L'histoire de Lucrèce Borgia est connue. On l'a notamment vue à l'écran, le petit et le grand. À la seule écoute de son nom, on pense tout de suite intrigues, meurtres et inceste au sein d'une famille espagnole devenue maître de Rome il y a 500 ans.

Tout cela est bien présent chez Victor Hugo, même si plusieurs historiens contemporains contestent aujourd'hui le portrait monstrueux de la soeur de César Borgia tracé par le grand écrivain français. 

La pièce de l'auteur des Misérables possède, cependant, de forts accents shakespeariens.

Hugo sait aborder ici des thèmes politiques dans leur sens le plus cynique, le plus cruel et, malheureusement, le plus universel. On peut penser évidemment à Macbeth et à Richard III.

Comme le roi bossu retors, entre autres, Lucrèce se prêtait parfaitement aux jeux de pouvoir tels qu'ils étaient pratiqués à l'époque. Ni plus ni moins. Et certainement mieux que plusieurs des hommes gravitant autour d'elle. C'est probablement pour cette raison que l'histoire a d'abord retenu le côté obscur, voire diabolique, de Lucrèce Borgia. 

Chez Hugo, elle vit ses derniers jours. La souveraine est cette mère en quête de rédemption auprès de son fils Gennaro, le fruit présumé d'un inceste, qui ignore tout de l'identité de sa génitrice. De Venise à Ferrare, Lucrèce fait étalage de toute sa ruse et de tous ses charmes pour éliminer ses ennemis et sauver la vie de son fils deux fois plutôt qu'une. Dans la « vraie vie », précisons que Lucrèce Borgia est bien morte à Ferrare, mais d'une septicémie en donnant naissance à une fille. 

La version mélodramatique d'Hugo, d'une mère indigne aimant très sincèrement son fils, est exploitée à fond par les artisans de la Comédie-Française, donnant à voir les talents exceptionnels des Elsa Lepoivre (Lucrèce), Éric Ruf (son mari Don Alphonse), Christian Hecq (Gubetta, l'homme de main de Lucrèce) et Gaël Kamilindi (Gennaro). 

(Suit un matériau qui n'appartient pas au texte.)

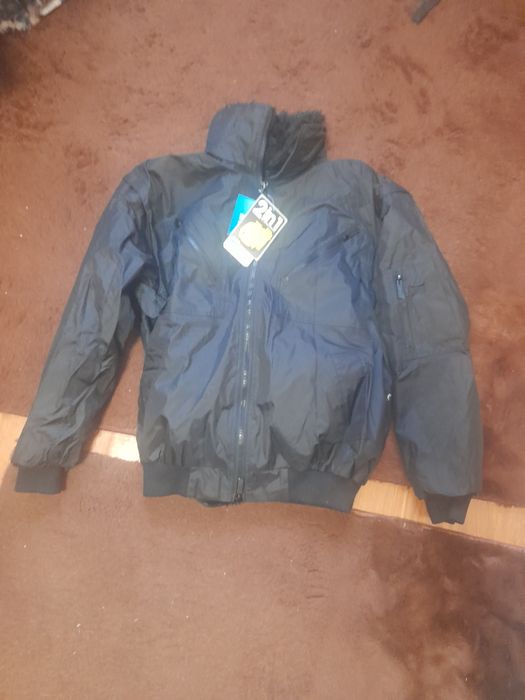 Jacheta de iarna tip pilot.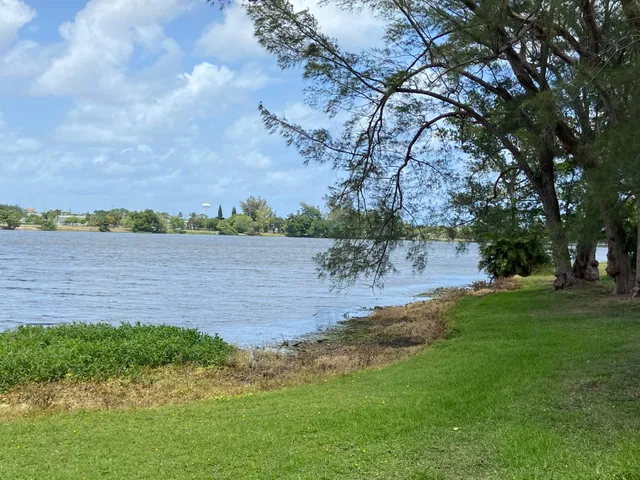 Unit 111 photo 27
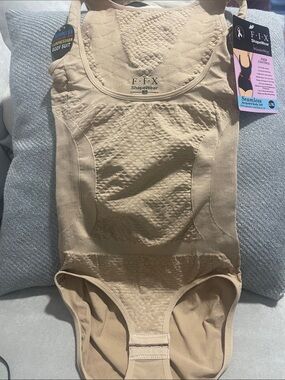 ❤️NEW!!!❤️ Seamless Shapewear Bodysuit - Nude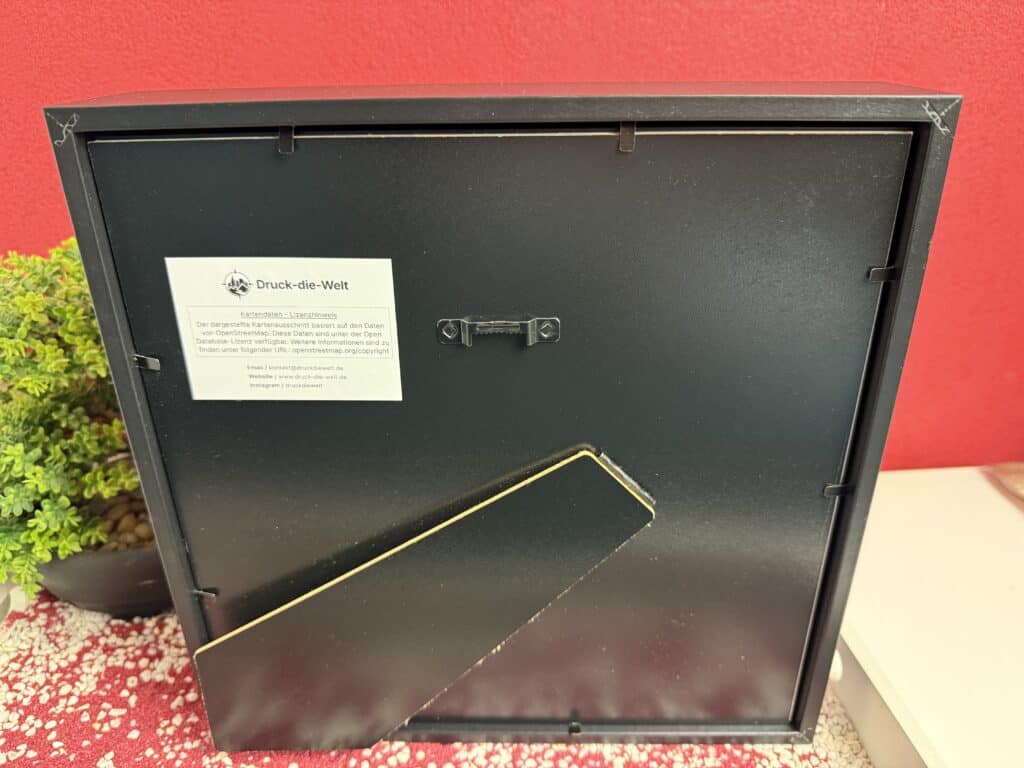 Die Rückseite von dem Rahmen. Druck die Welt 3D Modell Kölner Dom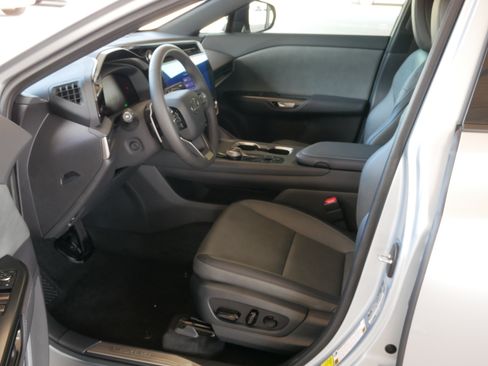 Used 2026 Lexus RZ 350e 2WD image 4
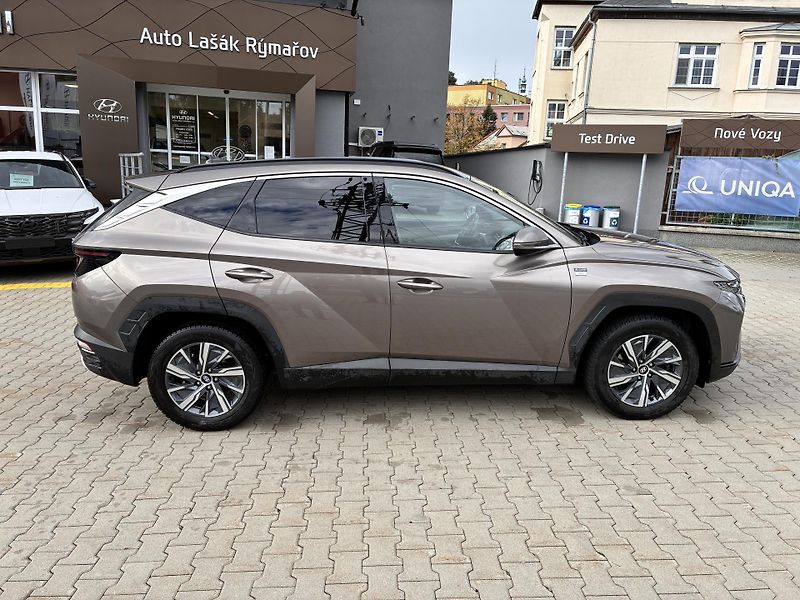 Hyundai Tucson 1.6T-GDi 110kW SMART AUTOMAT - fotka 8 z 31
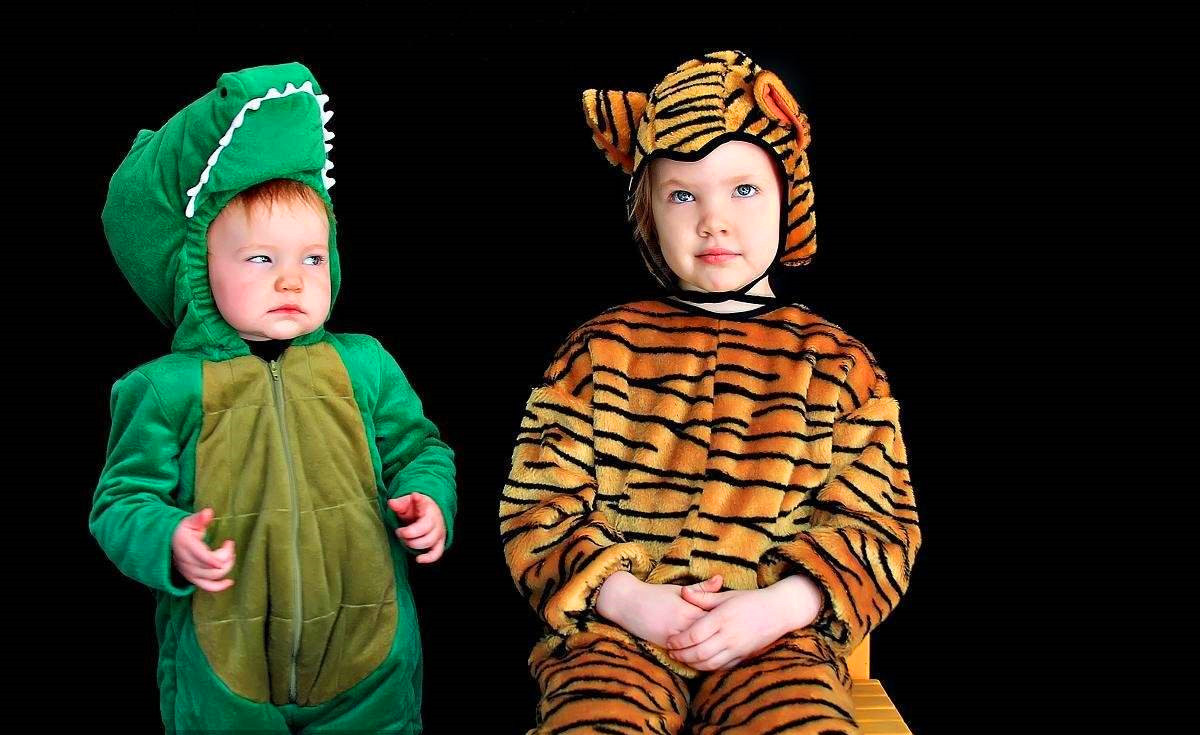 孩子喜欢模仿狗的动作怎么办,小孩模仿动物动作正常吗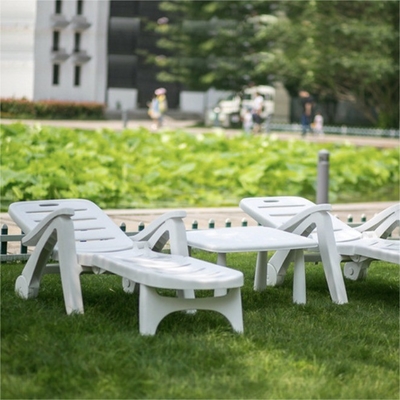 Weißes Rattan Patio Lounge Chair Klappbett für Wohnung Balkon und Villa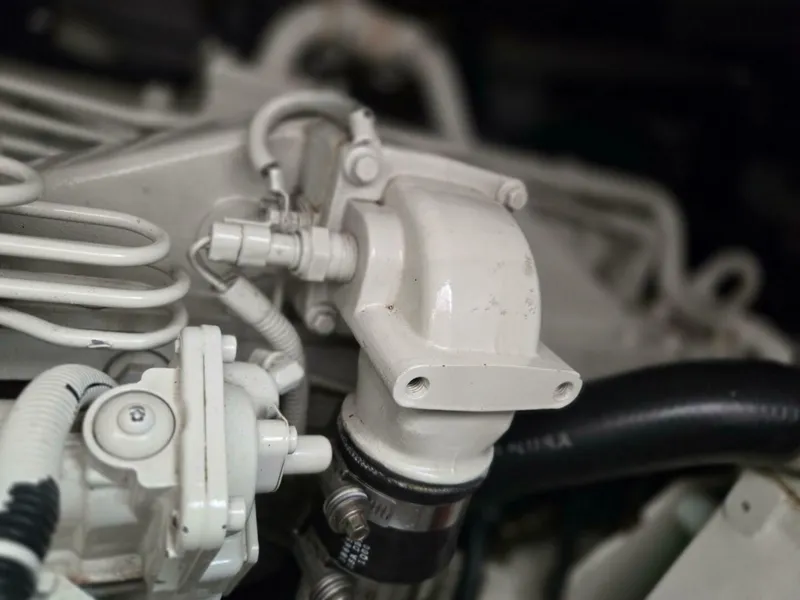 Slide: The Image of Tiara 3800 Express 2001 - 5573428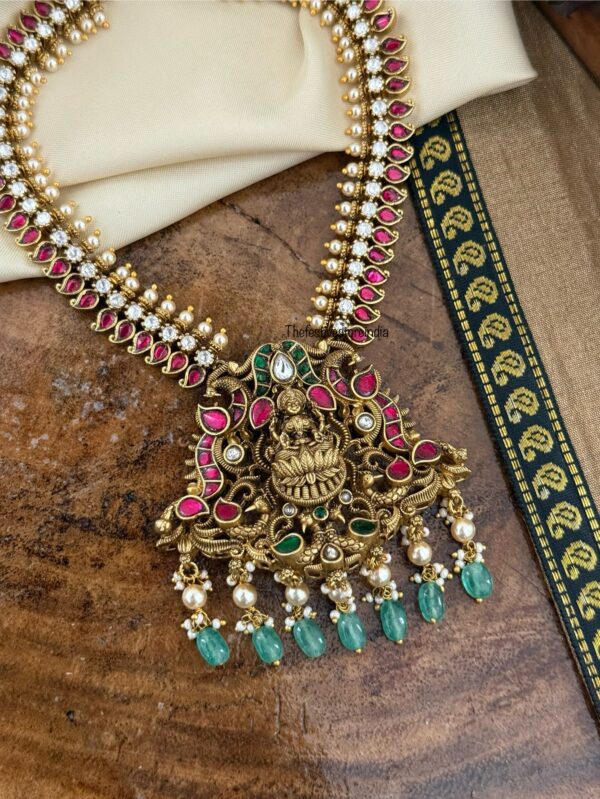 Classic jadau lakshmi necklace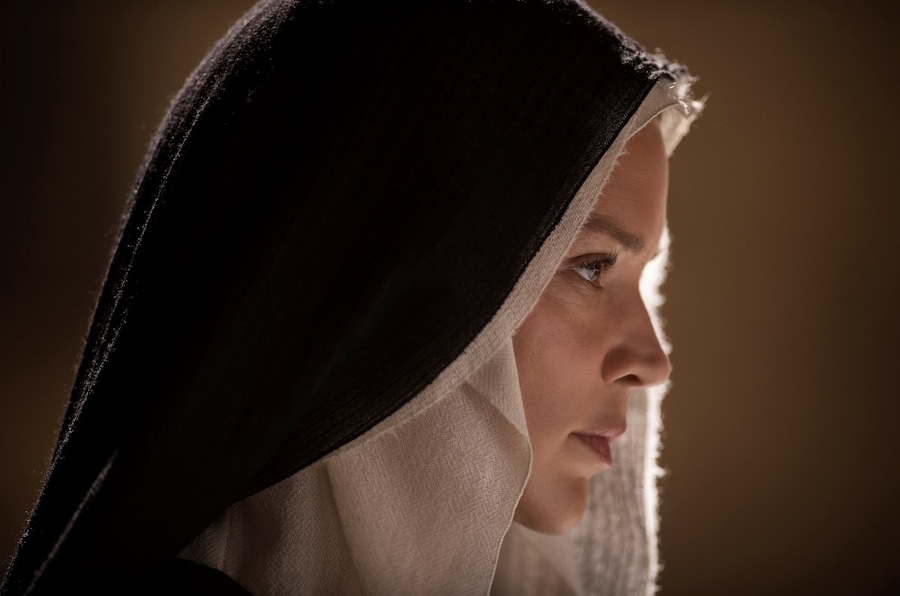 BENEDETTA_Still_01 0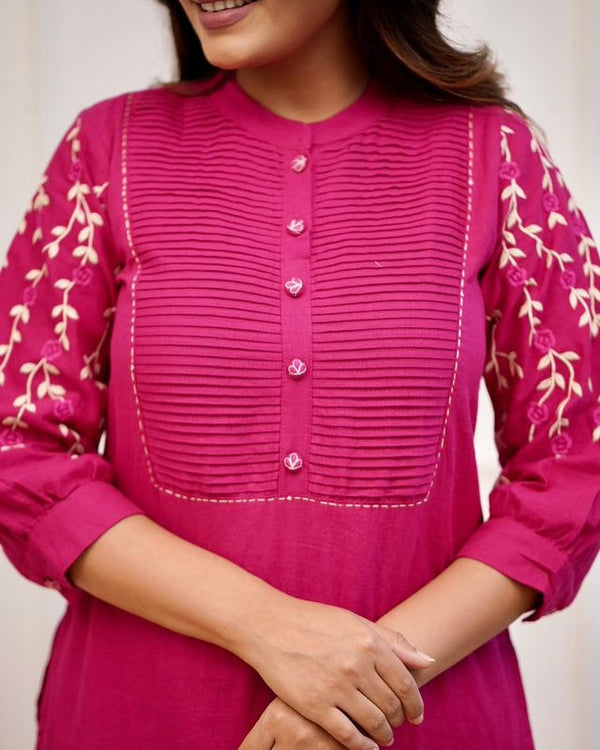 Upgrade your office wear wardrobe with this classy (teal blue, hot pink , black,baby pink,sky blue,) kurti pant with embroidery pintex detailing for all day comfort and trendy look🌸🌸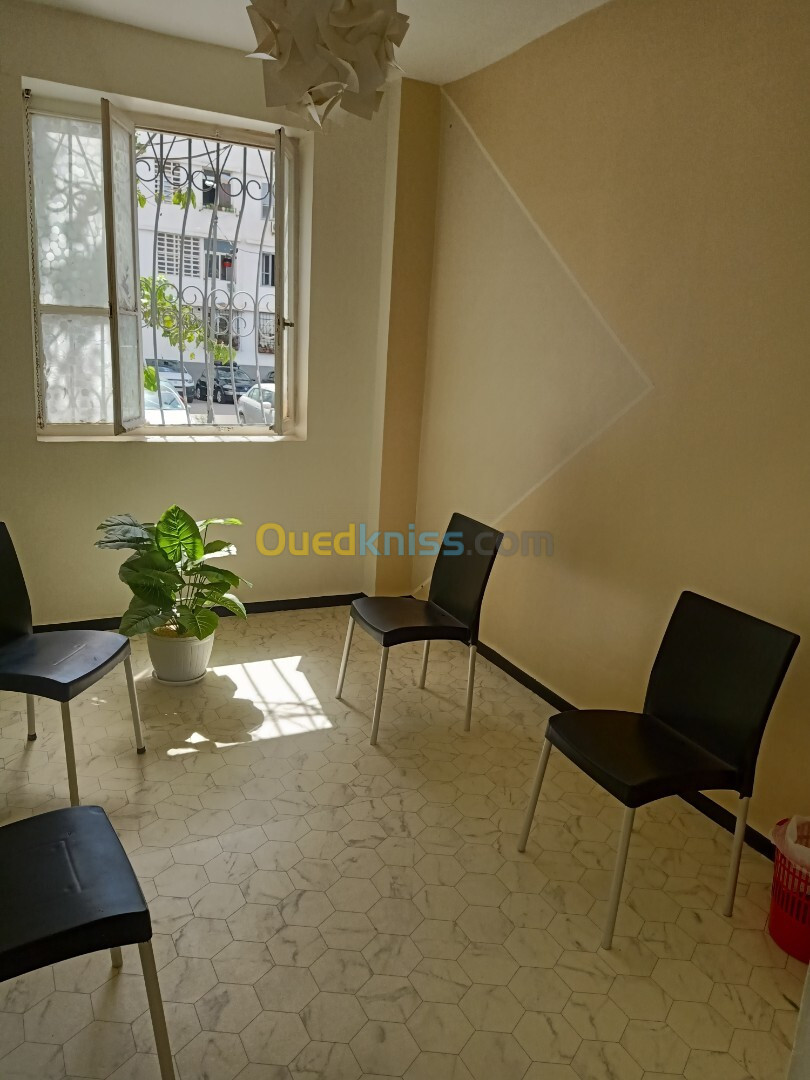 Location Appartement F4 Alger Kouba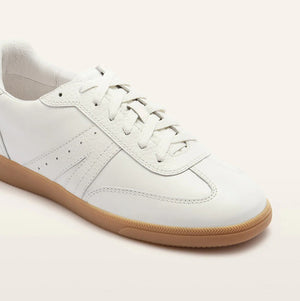 Frankie4 Levi SoftWht Emboss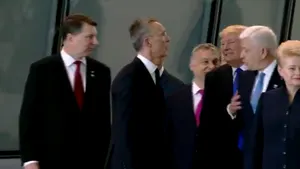 VIDEO Donald Trump pare să îl fi dat la o parte pe premierul Muntenegrului pentru a trece, la summitul NATO. Casa Albă EXPLICĂ situaţia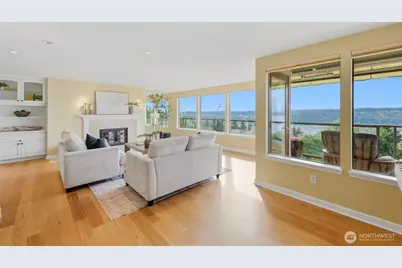 3016 N Narrows Drive #315, Tacoma, WA 98407 - Photo 3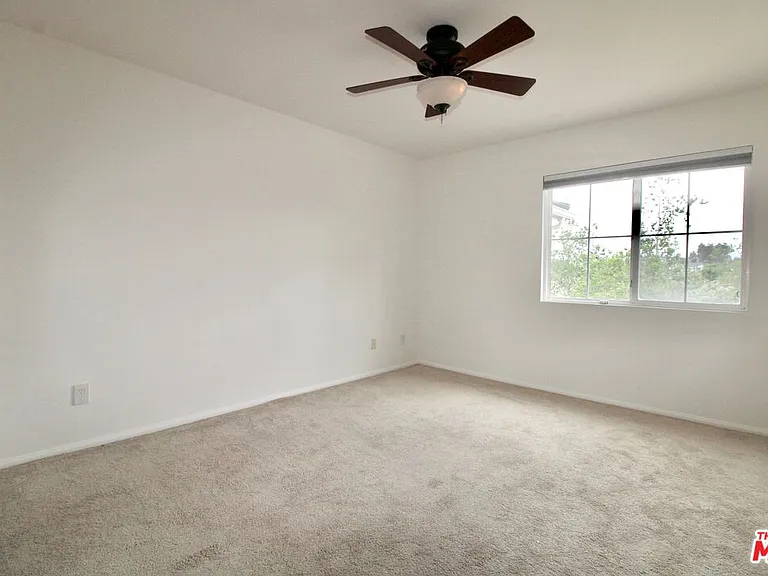 1124 Acapulco Ave — Photo 20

La mise en scène alerte de Denis Podalydès ne laisse pas un moment de répit au spectateur, soutenue en cela par la création sonore, très cinématographique, de Bernard Vallery. La scénographie et les costumes sont tout aussi beaux et astucieux.

De la toute première réplique qui trouve un écho pertinent à nos oreilles modernes, «Nous vivons dans une époque où les gens accomplissent tant d'actions horribles», à la dernière scène tragique, en passant par le duel épique entre Lucrèce et son mari, nous avons droit à du grand théâtre classique présenté par une troupe légendaire comme on en voit rarement à Montréal.

Des bémols? Il y en a toujours. Du côté de la sonorisation-projection des voix, certaines répliques ont du mal à franchir les premières rangées de spectateurs. Puis l'humour, présent chez Hugo, est parfois souligné à gros traits à l'aide de mimiques physiques exagérées.

Mais on est à Juste pour rire, il est vrai, oh pardon, aux célébrations du 375anniversaire de Montréal. À nous Lucrèce!

Lucrèce Borgia. Pièce de Victor Hugo. Mise en scène de Denis Podalydès. Au TNM jusqu'au 4 août.